◆ **What the task asks**:
Go to the line holding "cover image of" in the entries below and write out exactly every line down to and including the line holding "ProductShape — Product Definition as Code".

◆ **Dataset extract**:

------

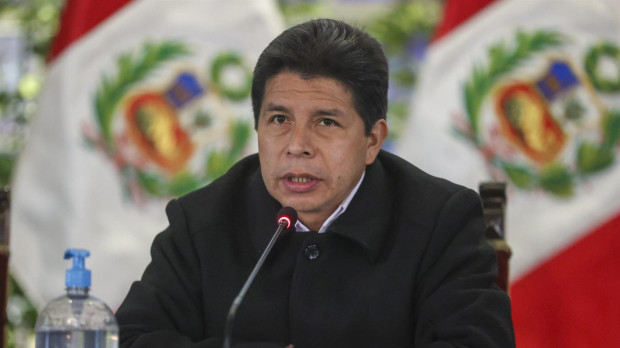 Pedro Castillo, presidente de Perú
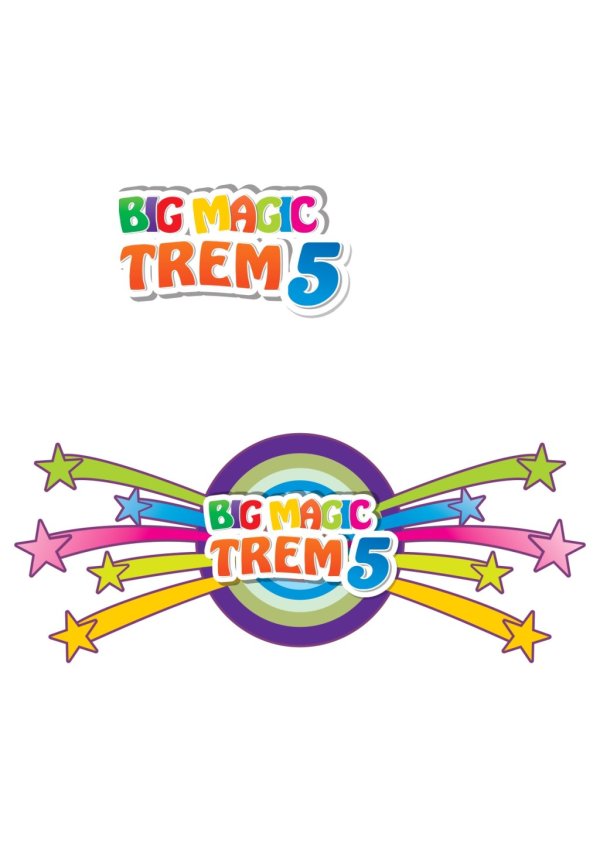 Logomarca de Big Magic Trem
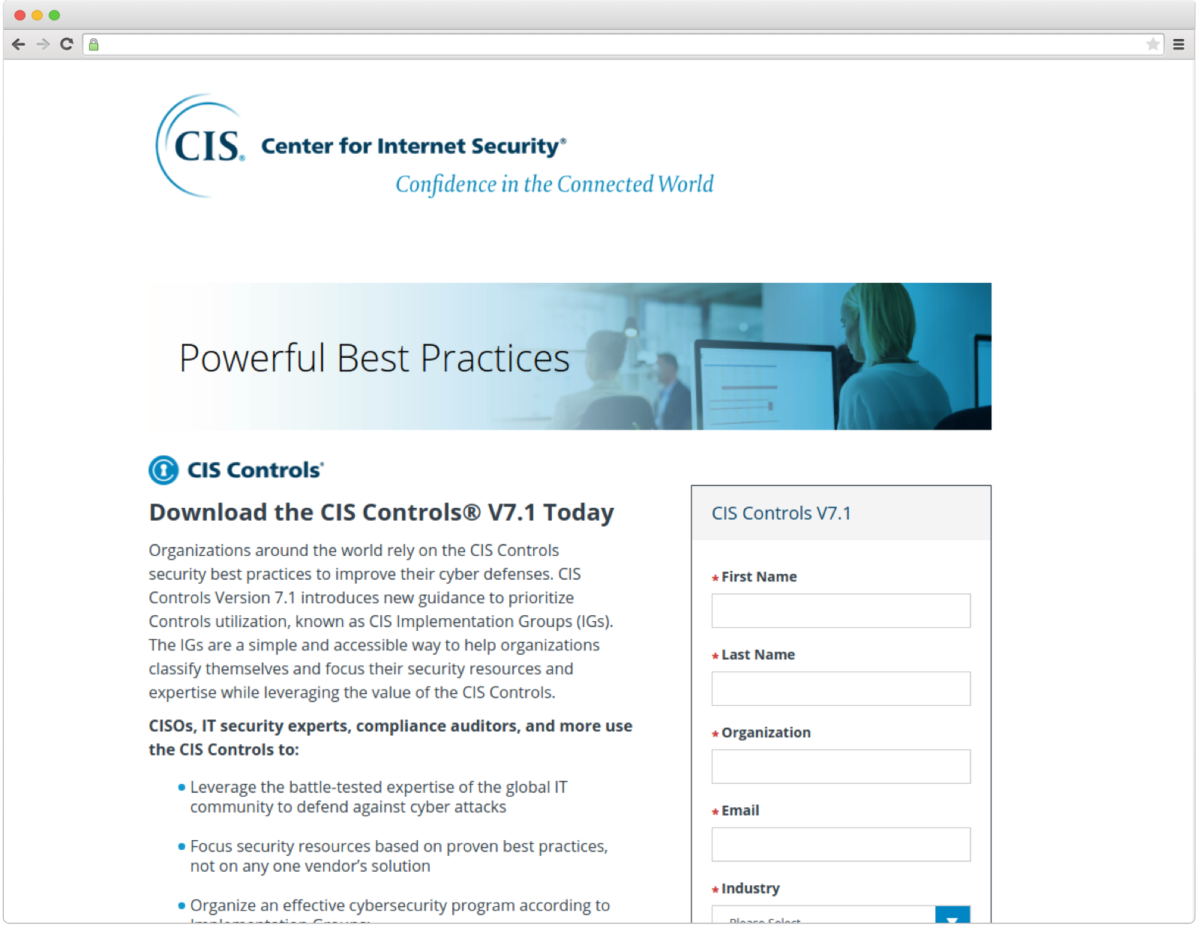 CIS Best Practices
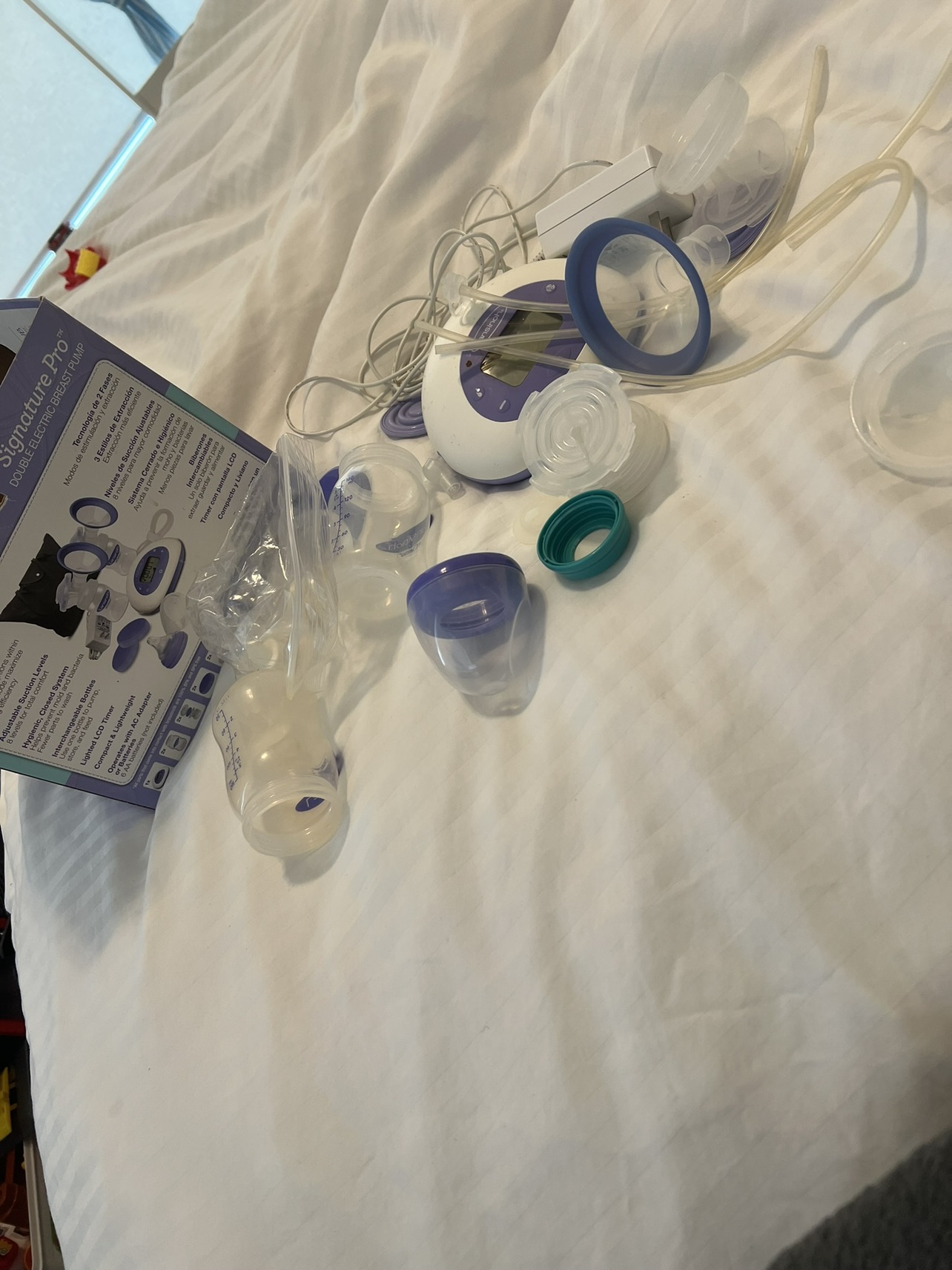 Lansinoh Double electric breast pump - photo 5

------

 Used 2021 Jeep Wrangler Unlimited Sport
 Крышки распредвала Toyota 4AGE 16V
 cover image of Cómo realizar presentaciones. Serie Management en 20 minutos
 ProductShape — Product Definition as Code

------

◆ **Answer box**:
 cover image of Cómo realizar presentaciones. Serie Management en 20 minutos
 ProductShape — Product Definition as Code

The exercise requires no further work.